Cioran, artiste du désespoir. Stéphane Barsacq, écrivain: « La question de Dieu est le centre de toute son œuvre » (Elodie Maurot)

La Croix, 21/04/2011

Pour Stéphane Barsacq, auteur d’un essai sur Cioran (1), l’écrivain est resté toute sa vie habité par la question religieuse.

Dans quelle ambiance religieuse Cioran a-t-il grandi ?

STÉPHANE BARSACQ : Cioran est né dans un climat fortement religieux, mais sur le mode orthodoxe (son père était pope), inscrit dans la vie, auprès d’une figure paternelle qui cumule l’annonce de la Parole de Dieu, un statut d’intellectuel et des fonctions administratives et politiques. Lui-même raconte assez bien comment il va être partagé entre son père, sur lequel il reste assez discret, et sa mère qui n’était pas une femme mystique. ll grandit donc dans un environnement mystique, mais tempéré. Cette dichotomie entre ses deux parents fait le fond de toute son œuvre.

Comment va-t-il perdre la foi ?

Il y a deux étapes. Une première, quand il est arraché vers l’âge de 10 ans aux paysages de la Roumanie rurale et qu’il est emmené en ville, à Sibiu. Il éprouve le sentiment d’un déchirement. Il ne retournera jamais dans ce lieu qui, avec les années, va prendre un caractère mythique, celui du paradis perdu. La seconde étape, c’est quand il perd la foi, à 16 ans dit-il. Cette perte s’inscrit dans le contexte de l’après-Première Guerre mondiale, où tous les repères religieux ont éclaté.

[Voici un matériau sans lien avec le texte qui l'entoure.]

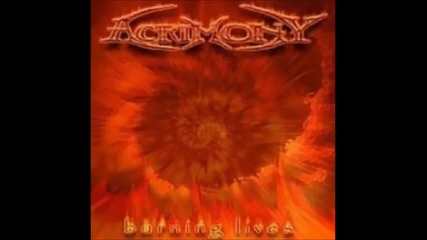 Acrimony - Forbidden Memories [turkey]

Sans doute a-t-il fait l’expérience que son aspiration à l’absolu était impossible. Il a abdiqué la foi non par rejet, mais par impossibilité d’accéder à la plénitude qu’elle représentait pour lui. Toute son œuvre et toute sa vie resteront néanmoins dans un rapport avec cette foi perdue, impossible, mais aussi « à trouver », retrouvée, reperdue et ainsi de suite…

Cioran était-il un lecteur des Écritures ? Fait-il référence à des figures bibliques ?

Cioran est resté un très grand lecteur de la Bible et des théologiens. Il était un grand connaisseur de toutes les questions mystiques. Il aurait très bien pu faire une carrière de savant. Mais à la différence de son ami Mircea Eliade, ce qui l’intéresse dans la religion, ce n’est pas l’objet de savoir, mais la possibilité d’une expérience. Trois figures bibliques permettent de comprendre le rapport de Cioran à la religion.

La première figure, évidente, c’est celle de l’Ecclésiaste. Quand on lit l’Ecclésiaste, on lit du Cioran : « Tout est vanité… ».

L’autre figure, c’est celle de Job, celui qui sur son fumier injurie le sort parce qu’il a été dépossédé d’une vision claire de Dieu. Ces deux références montrent qu’on ne peut prendre Cioran pour un nihiliste. C’est au contraire quelqu’un qui fait sonner à neuf la tradition la plus immémoriale de l’homme face à sa conscience, à son abandon et à sa fragilité. Une misère qu’il ne peut qu’imputer à Dieu, tout en sachant que celui-ci n’en est pas responsable.

La troisième figure, évangélique cette fois, c’est celle de Lazare : quelqu’un qui revient d’entre les morts. Comme lui, Cioran est allé au tombeau et nous dit qu’on peut en revenir.